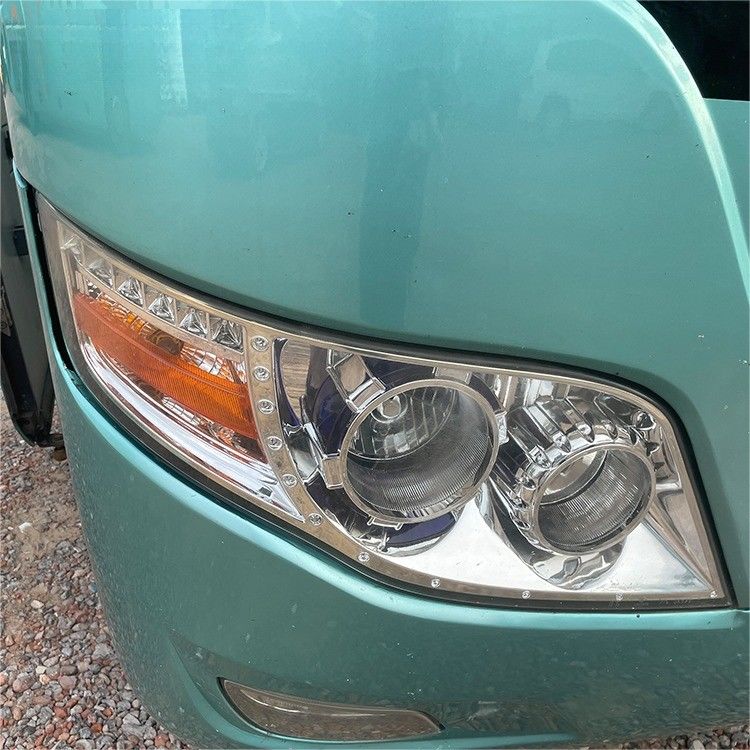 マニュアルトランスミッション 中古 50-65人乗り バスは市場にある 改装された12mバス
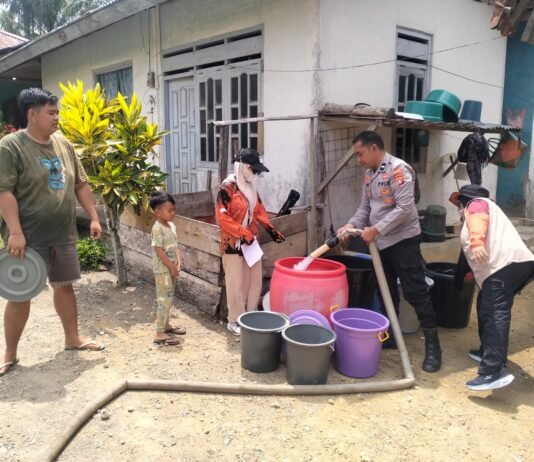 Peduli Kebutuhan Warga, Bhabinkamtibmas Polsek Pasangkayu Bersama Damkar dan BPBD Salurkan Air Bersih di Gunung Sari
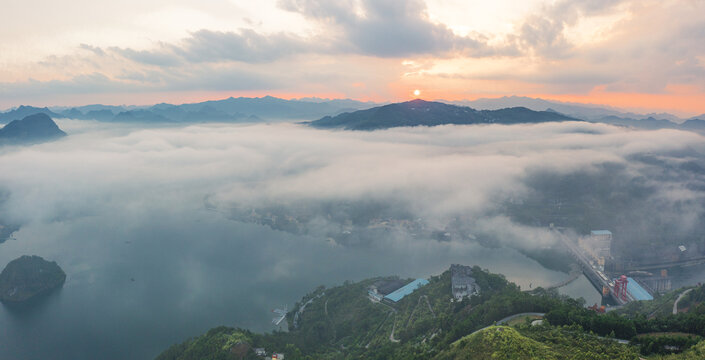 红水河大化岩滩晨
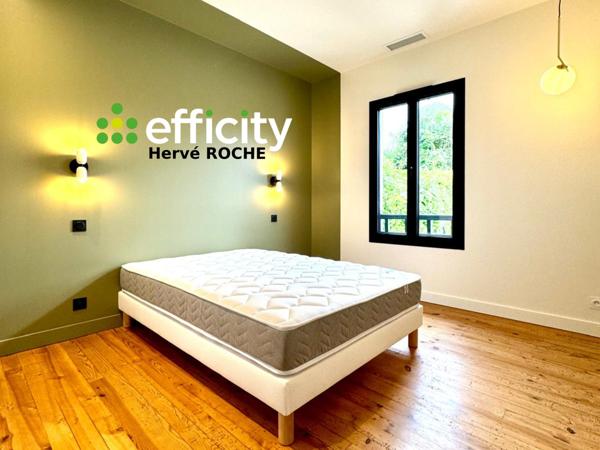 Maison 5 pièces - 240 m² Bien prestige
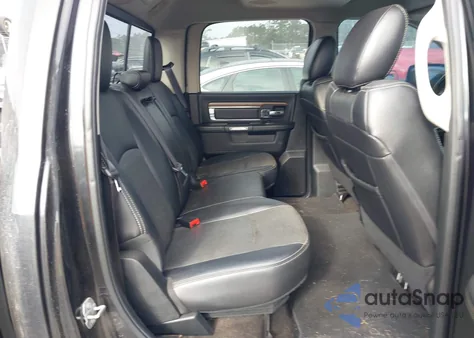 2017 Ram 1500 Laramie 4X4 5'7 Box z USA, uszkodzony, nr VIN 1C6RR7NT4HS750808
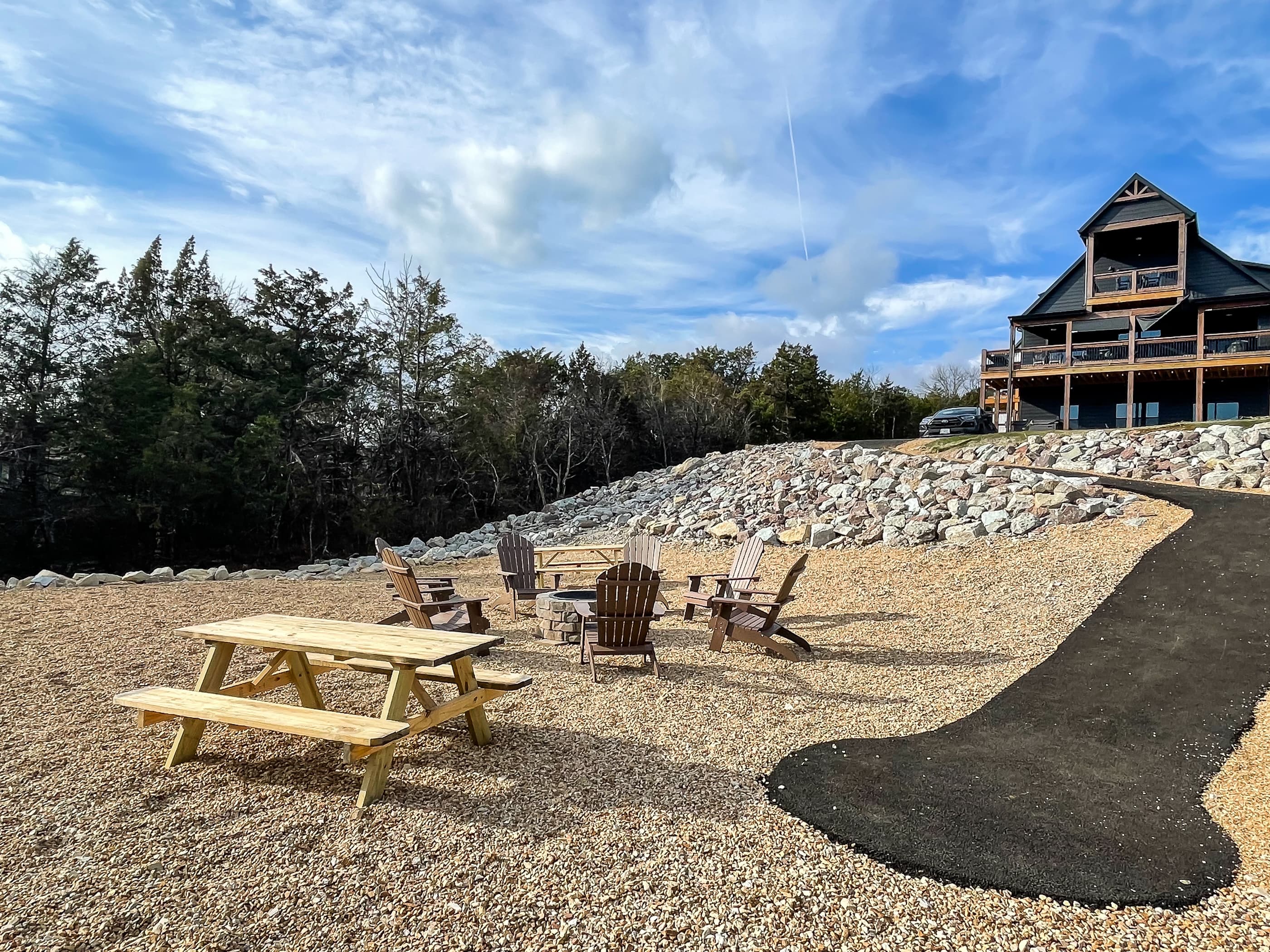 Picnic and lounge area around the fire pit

**About this exercise:**
Repeat every line of the data above exactly, but drop the pictures.

**Exercise answer:**
 マニュアルトランスミッション 中古 50-65人乗り バスは市場にある 改装された12mバス
 Peduli Kebutuhan Warga, Bhabinkamtibmas Polsek Pasangkayu Bersama Damkar dan BPBD Salurkan Air Bersih di Gunung Sari
 红水河大化岩滩晨
 Maison 5 pièces - 240 m² Bien prestige
 2017 Ram 1500 Laramie 4X4 5'7 Box z USA, uszkodzony, nr VIN 1C6RR7NT4HS750808
 Picnic and lounge area around the fire pit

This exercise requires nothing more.